Saved entries:
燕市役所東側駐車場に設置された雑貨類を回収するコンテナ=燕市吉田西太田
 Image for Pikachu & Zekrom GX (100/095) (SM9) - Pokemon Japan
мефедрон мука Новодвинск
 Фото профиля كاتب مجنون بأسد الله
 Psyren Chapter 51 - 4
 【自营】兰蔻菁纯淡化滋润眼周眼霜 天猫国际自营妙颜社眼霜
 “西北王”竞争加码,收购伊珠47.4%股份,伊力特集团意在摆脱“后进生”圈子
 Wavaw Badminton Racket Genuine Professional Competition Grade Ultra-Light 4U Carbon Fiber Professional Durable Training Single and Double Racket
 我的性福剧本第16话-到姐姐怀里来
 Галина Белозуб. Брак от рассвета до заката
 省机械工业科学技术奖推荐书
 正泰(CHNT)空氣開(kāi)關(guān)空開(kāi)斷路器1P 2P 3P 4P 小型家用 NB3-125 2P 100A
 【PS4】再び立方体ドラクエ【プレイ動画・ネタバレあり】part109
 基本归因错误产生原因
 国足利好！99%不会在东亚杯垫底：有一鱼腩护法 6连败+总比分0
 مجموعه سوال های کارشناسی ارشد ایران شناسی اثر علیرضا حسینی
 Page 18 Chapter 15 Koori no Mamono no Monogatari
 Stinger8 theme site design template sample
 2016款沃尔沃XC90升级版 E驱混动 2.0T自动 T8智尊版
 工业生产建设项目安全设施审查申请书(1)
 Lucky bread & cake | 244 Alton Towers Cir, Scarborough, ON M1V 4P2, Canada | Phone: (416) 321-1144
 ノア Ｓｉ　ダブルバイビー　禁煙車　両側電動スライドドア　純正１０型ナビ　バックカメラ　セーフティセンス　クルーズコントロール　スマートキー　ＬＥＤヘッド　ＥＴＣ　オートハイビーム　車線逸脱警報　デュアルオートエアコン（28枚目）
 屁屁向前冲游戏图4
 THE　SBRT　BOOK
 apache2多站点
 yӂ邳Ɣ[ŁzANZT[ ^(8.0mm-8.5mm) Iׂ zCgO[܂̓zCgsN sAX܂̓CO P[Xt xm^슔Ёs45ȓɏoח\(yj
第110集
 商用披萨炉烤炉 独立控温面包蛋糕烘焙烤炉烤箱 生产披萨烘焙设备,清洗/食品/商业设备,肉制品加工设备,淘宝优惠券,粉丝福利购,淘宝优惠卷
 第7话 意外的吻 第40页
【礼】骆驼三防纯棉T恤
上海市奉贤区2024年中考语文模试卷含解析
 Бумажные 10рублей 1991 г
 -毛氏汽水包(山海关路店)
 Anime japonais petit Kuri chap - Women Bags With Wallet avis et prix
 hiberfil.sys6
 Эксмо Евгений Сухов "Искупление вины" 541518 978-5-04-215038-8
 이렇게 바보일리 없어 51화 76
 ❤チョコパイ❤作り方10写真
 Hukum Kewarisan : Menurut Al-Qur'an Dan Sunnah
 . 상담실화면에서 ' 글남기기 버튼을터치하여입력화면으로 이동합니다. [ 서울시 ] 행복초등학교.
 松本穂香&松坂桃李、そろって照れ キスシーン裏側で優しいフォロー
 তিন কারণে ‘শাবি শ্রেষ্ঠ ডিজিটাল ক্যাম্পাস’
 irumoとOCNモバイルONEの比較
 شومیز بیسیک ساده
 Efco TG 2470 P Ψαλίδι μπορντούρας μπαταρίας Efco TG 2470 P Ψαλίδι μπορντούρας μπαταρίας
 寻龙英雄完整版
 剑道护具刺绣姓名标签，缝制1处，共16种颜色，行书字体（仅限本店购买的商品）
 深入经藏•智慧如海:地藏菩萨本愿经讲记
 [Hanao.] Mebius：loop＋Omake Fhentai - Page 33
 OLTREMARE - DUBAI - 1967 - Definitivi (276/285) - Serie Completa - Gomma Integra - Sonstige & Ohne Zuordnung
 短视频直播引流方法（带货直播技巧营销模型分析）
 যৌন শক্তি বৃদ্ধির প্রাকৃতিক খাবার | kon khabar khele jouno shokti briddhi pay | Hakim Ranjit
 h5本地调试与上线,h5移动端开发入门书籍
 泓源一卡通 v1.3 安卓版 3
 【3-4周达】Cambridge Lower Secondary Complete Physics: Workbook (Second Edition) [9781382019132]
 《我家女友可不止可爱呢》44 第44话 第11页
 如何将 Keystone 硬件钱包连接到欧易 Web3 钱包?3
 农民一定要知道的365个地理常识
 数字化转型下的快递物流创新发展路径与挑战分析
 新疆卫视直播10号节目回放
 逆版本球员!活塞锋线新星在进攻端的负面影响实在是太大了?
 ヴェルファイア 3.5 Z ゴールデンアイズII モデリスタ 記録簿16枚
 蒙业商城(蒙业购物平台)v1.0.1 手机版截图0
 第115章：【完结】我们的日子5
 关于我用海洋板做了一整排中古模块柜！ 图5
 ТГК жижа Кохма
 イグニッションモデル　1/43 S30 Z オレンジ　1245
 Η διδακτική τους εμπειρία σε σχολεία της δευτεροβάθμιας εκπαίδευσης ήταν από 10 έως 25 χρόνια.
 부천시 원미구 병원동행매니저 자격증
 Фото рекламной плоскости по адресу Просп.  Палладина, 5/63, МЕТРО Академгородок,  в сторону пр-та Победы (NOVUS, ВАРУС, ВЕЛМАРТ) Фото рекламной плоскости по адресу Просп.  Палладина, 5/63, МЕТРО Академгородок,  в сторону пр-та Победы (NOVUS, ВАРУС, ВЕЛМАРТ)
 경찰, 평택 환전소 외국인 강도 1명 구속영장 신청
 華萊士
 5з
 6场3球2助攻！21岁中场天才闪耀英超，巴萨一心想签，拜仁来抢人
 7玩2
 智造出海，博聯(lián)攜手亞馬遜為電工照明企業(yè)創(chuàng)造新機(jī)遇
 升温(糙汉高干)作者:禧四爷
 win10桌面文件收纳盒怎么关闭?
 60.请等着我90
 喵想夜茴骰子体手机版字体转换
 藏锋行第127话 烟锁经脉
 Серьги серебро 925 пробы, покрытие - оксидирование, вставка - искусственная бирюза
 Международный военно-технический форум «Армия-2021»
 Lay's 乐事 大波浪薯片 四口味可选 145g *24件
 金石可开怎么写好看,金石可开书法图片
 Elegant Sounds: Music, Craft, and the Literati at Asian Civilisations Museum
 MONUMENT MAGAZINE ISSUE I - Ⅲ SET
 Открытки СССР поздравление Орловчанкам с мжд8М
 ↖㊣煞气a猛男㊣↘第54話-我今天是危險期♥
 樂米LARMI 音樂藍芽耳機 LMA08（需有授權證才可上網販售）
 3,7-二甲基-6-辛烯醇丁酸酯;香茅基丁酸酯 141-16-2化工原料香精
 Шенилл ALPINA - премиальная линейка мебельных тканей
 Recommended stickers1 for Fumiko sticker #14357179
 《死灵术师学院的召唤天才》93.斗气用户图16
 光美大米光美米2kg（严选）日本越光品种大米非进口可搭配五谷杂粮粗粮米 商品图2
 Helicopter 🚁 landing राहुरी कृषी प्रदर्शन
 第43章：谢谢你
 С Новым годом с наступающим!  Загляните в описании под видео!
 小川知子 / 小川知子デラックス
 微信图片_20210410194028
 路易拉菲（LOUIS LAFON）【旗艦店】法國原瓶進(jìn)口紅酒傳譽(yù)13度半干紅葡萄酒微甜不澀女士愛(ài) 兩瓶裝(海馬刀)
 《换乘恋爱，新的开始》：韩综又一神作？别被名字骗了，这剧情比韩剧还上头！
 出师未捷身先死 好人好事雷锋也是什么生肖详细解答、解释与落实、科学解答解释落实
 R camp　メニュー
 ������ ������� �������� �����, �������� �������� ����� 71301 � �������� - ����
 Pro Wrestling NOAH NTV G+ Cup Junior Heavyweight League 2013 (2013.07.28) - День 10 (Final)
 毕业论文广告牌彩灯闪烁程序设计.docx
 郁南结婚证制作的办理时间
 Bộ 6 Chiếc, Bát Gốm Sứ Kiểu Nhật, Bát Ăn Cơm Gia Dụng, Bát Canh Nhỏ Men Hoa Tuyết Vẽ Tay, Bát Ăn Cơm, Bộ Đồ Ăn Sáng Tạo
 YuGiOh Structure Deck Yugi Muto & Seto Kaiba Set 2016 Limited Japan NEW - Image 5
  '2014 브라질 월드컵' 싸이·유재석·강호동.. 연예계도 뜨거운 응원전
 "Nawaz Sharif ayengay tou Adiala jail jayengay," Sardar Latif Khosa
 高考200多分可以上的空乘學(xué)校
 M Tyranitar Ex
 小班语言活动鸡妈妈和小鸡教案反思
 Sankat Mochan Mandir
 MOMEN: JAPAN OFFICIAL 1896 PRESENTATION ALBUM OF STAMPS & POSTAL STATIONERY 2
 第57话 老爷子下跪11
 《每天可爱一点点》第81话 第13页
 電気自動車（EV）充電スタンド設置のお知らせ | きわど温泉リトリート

§ **YOUR INSTRUCTIONS**
Count how many lines of the entries contain the word "Chapter"; only the number should appear in the reply.

§ **WRITTEN ANSWER**
2